─── SOURCE INFORMATION

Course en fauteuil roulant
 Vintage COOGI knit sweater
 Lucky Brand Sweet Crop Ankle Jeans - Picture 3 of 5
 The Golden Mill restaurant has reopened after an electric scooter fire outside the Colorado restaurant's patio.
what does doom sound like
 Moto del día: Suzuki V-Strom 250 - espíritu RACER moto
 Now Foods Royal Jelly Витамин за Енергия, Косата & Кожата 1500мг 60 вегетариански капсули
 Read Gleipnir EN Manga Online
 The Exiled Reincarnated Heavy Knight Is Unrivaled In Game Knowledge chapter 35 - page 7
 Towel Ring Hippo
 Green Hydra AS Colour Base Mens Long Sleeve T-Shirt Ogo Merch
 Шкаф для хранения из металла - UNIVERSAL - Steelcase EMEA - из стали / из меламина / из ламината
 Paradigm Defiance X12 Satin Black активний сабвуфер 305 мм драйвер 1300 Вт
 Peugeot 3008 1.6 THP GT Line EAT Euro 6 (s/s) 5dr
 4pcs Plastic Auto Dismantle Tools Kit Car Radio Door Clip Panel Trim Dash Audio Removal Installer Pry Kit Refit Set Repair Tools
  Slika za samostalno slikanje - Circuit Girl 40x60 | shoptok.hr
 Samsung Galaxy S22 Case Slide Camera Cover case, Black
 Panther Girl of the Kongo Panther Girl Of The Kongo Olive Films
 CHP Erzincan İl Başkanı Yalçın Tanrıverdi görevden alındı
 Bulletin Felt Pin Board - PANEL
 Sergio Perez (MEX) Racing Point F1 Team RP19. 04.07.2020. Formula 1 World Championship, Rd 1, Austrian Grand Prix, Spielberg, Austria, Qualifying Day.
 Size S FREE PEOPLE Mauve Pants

──────

### WORK INSTRUCTIONS
Only the count, nothing else: how many lines of the records hold the word "Black"?

### SOLUTION BELOW
2